Reply To: Is fractional reserve banking more efficient?

#17844
jmherbener
Participant

Your example illustrates the first step of the business cycle, not efficiency. The issue of fiduciary media by banks leads to malinvestments during the boom which must be liquidated during the bust. Likewise, during the housing the boom the additional houses produced (and the additional capital capacity produced to support housing production) was not efficient.

It is only better for society to have another restaurant built if it proves to produce goods more valuable to people in society than the alternative production facility that could have been built with the same resources. That the restaurant owner pays back his loan is not a sufficient condition to prove social benefit. Lots of homeowners were paying back their mortgages during the housing boom.

In the market, profit and loss calculations reveal when the use of resources in one line of production have greater value than in another alternative line of production. An enterprise earns profit if the revenue generated by the sale of its output exceeds the costs incurred from the purchase of its inputs. The revenue generated is determined by the demand people have for its output. The costs incurred is determined by the demand other entrepreneurs have to produce their output which, in turn, is determined by the demand people have for their output. An enterprise earns profit by compensating the input owners for the loss of value they cannot receive from other entrepreneurs and then uses the inputs to produce output that people value more highly than that which would have been produced by other entrepreneurs.

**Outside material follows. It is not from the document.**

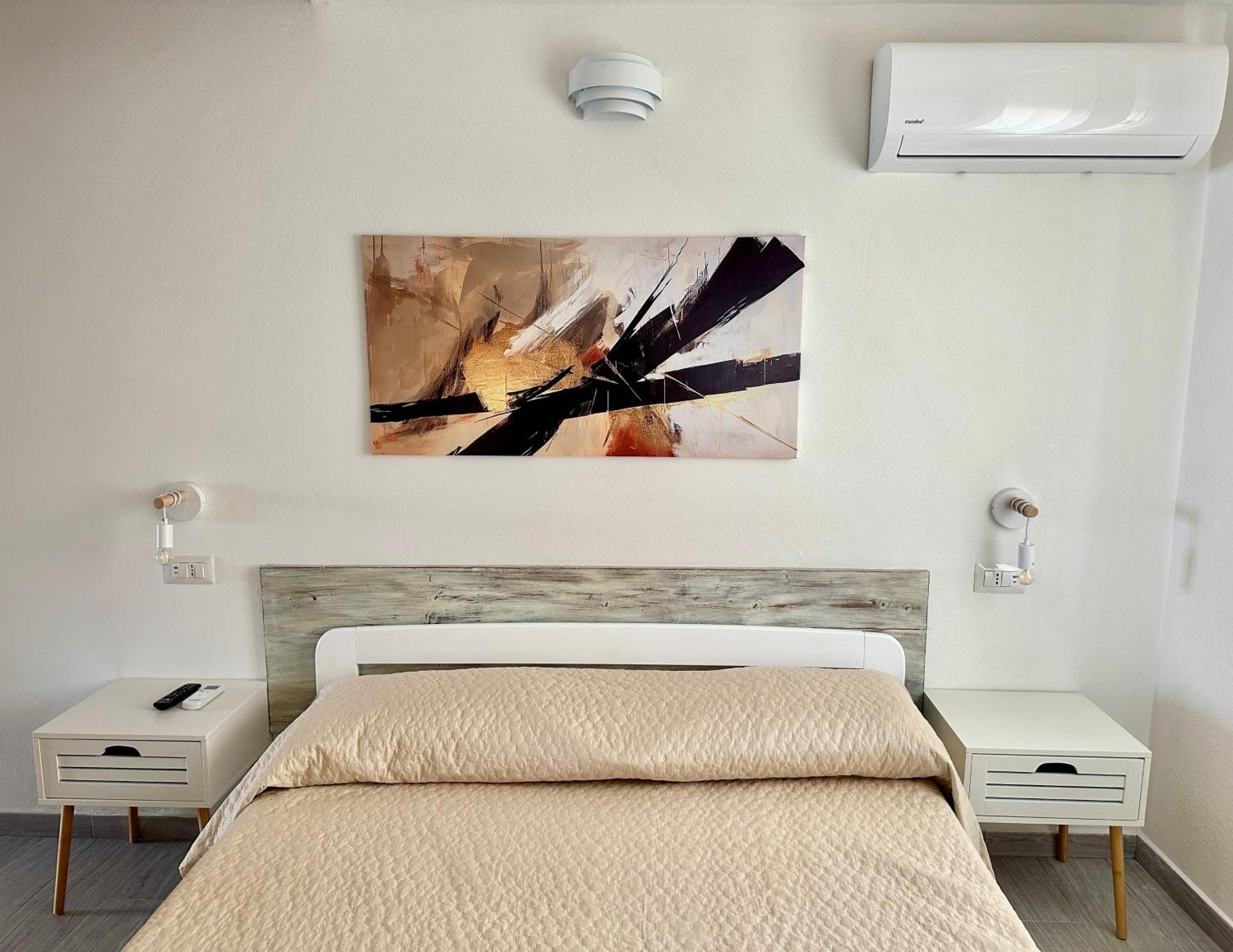 Approdo Apartments Изола-Росса Экстерьер фото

Now apply these general principles to banking. If a bank intermediates credit, then they compensate savers by paying interest to borrow funds from them. Because they have lent money to the banks, the savers must reduce their demands for goods. But they have willingly entered into an agreement to do this. If the bank issues fiduciary media, then it pays no opportunity cost to obtain command over these funds. And yet, when it lends the funds out to borrowers, they are able to bid resources away from other people without anybody agreeing to such restrictions in their command over resources. Such activity is inefficient on these grounds alone.

We can come to the same conclusion about fiat money. If the government prints more fiat money and spends it to build three more bridges is society better off? Clearly not. All such spending of the government is inefficient by the nature of how the resources are transfers out of the hands of some people and into the hands of other people. Unless this is done in voluntary exchange under the guidance of economic calculation, then the activity is socially inefficient.